Pokémon battles aren’t just for trainers anymore — AI models are now duking it out in the digital wilds of Kanto. But what started as a quirky competition between Google’s Gemini and Anthropic’s Claude has stirred up a surprisingly serious conversation about the validity of AI benchmarks.
A recent viral post on X claimed Gemini had outpaced Claude in the original Pokémon Red/Blue trilogy, reaching Lavender Town while Claude remained stuck in Mount Moon. The livestream showcasing Gemini’s gameplay was framed as proof of its dominance.
“Gemini is literally ahead of Claude atm in Pokémon…” the post reads, with a clip of the AI-led journey through the classic Game Boy title.
But Reddit users were quick to cry foul: the Gemini stream had a leg up. The developer behind it had implemented a custom minimap — a tool that made it easier for Gemini to parse game tiles like trees or obstacles, effectively reducing its reliance on screen-based perception and giving it a strategic edge.
It’s Just Pokémon… Or Is It?
While few people seriously consider Pokémon a rigorous AI benchmark, the moment highlights a much larger issue: benchmarks are only as fair as their implementation.
Take Anthropic’s own Claude 3.7 Sonnet, which scored 62.3% on SWE-bench Verified (a test of coding skill) — until a “custom scaffold” bumped its performance to 70.3%. And Meta? They fine-tuned Llama 4 Maverick to shine on LM Arena, a benchmark where the base model struggled.
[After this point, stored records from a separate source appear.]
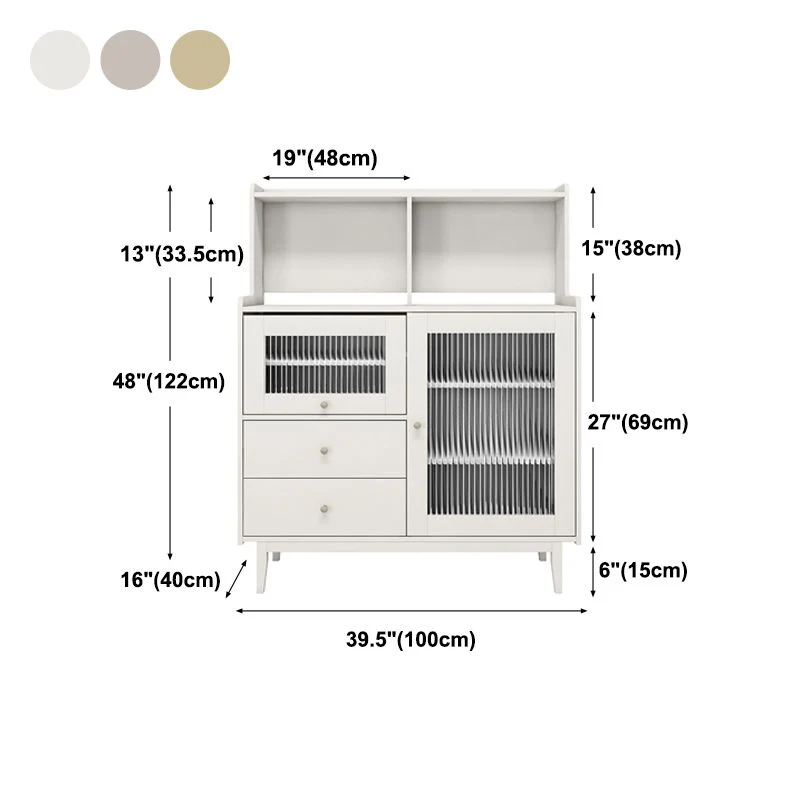 Hedendaags Stone Door Sideboard 39.5"L Buffet Living Room 2 Drawer Server voor Kleine Ruimtes Champagne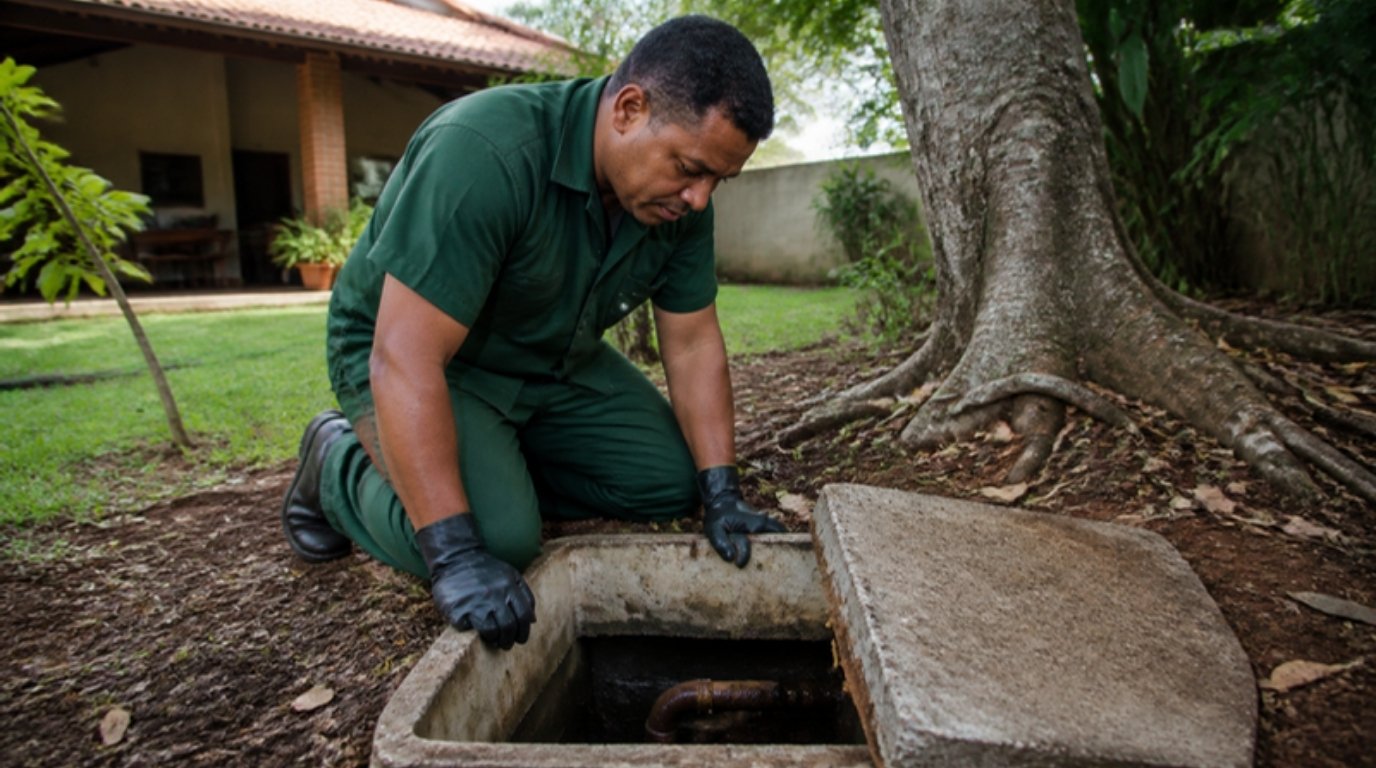 Técnico de uniforme verde observa a caixa de inspeção aberta no quintal, ao lado de uma árvore, para verificar raízes no cano de esgoto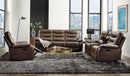 Aashi Brown Leather-Gel Match Sofa (Motion) - Furniture Now (CA)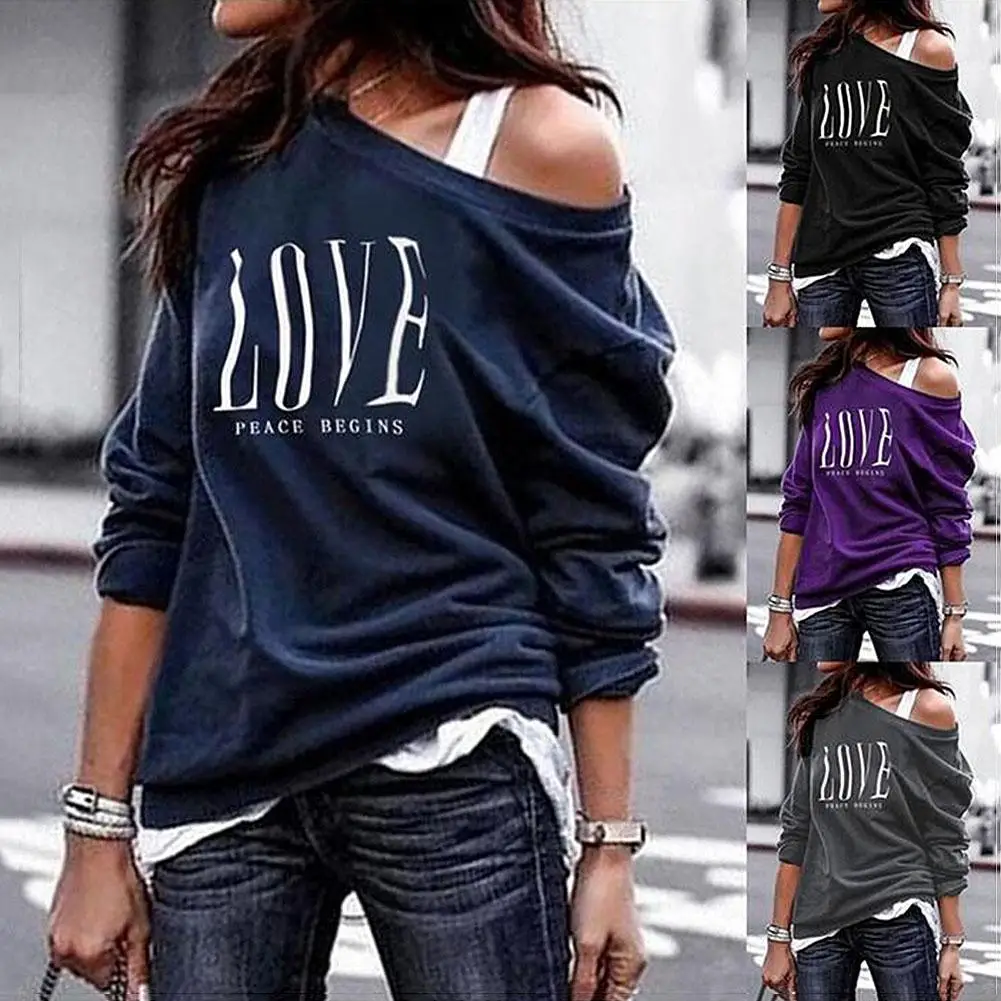 

New Fashion Women Sexy One Off Shoulder T-shirt Sweatshirt Love Letter Print Long Sleeve Pullover tee tops t shirts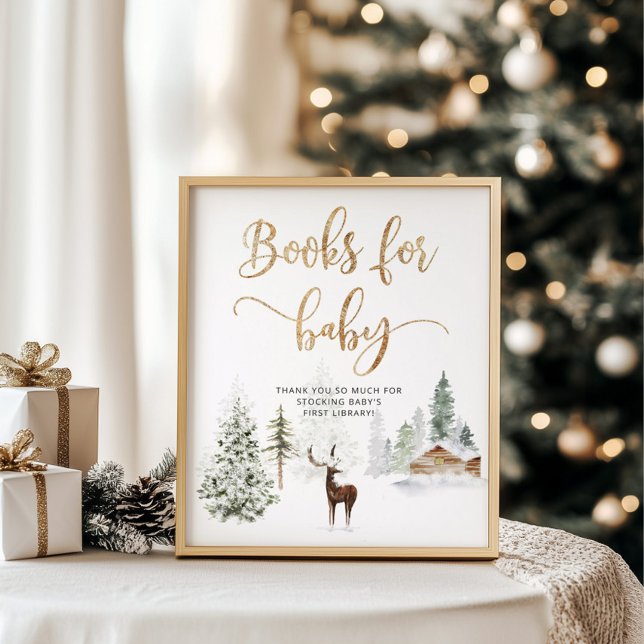 Winter woodland forest deer Books for baby Poster (Creator Uploaded)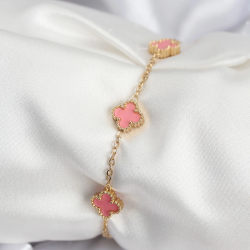 Mey İthalat® 316L Çelik Gold Renk Pembe Baby Boy Yonca Kadın Bileklik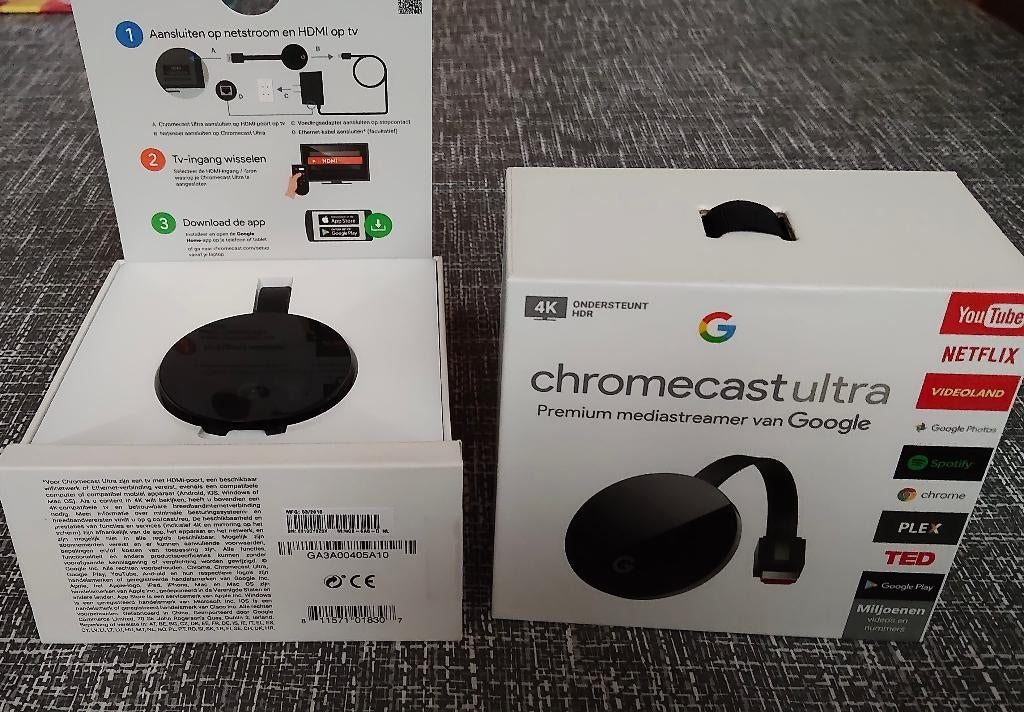 Google Cromecast ultra, Audio, Tv en Foto, Mediaspelers, Ophalen of Verzenden, Zo goed als nieuw, HDMI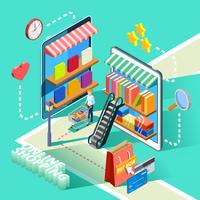 Poster di design isometrico dello shopping online di e-commerce vettore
In short: these tests are fragile. Minor tweaks — even non-transparent ones — can drastically alter the results.
The Benchmarking Arms Race
As model releases speed up, developers are finding more ways to optimize for benchmarks rather than real-world performance. That creates a moving target and blurs what “better” really means. Even something as innocent as a Pokémon showdown reveals how subjective — and at times, manipulated — AI evaluation can become.
The takeaway? Whether it's Lavender Town or leaderboard bragging rights, how an AI gets there matters just as much as where it ends up.